Problem description:
Look through the data below for the line with "Na prenájom byt v Sereď · €600 · Dokončené" and the line with "Jmen 11925-EA20A Belt", then transcribe exactly from the first through the second, leaving out all pictures.

Records to process:
-- -- --

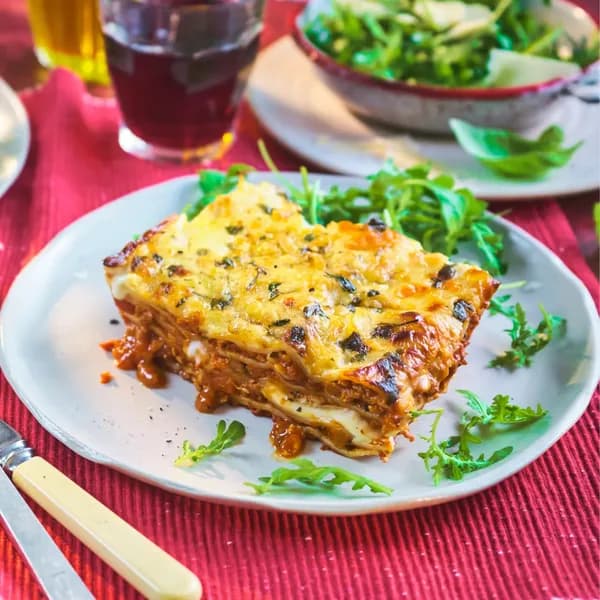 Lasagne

-- -- --

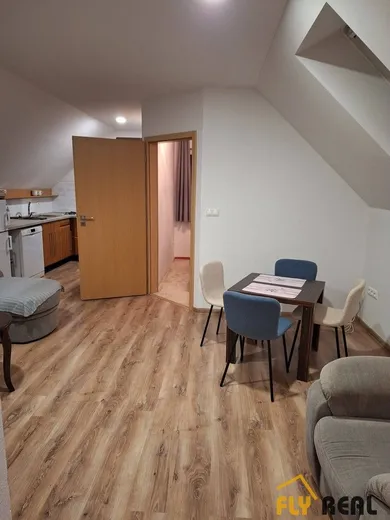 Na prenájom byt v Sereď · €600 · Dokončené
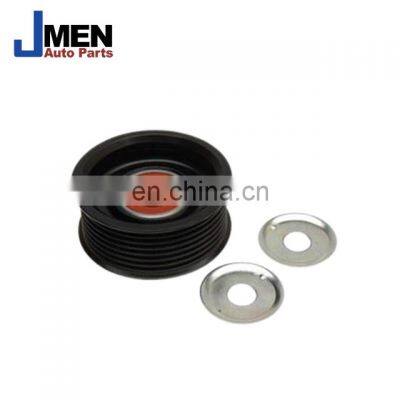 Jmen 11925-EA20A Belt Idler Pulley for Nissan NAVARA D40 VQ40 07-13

-- -- --

Exercise output:
 Na prenájom byt v Sereď · €600 · Dokončené
 Jmen 11925-EA20A Belt Idler Pulley for Nissan NAVARA D40 VQ40 07-13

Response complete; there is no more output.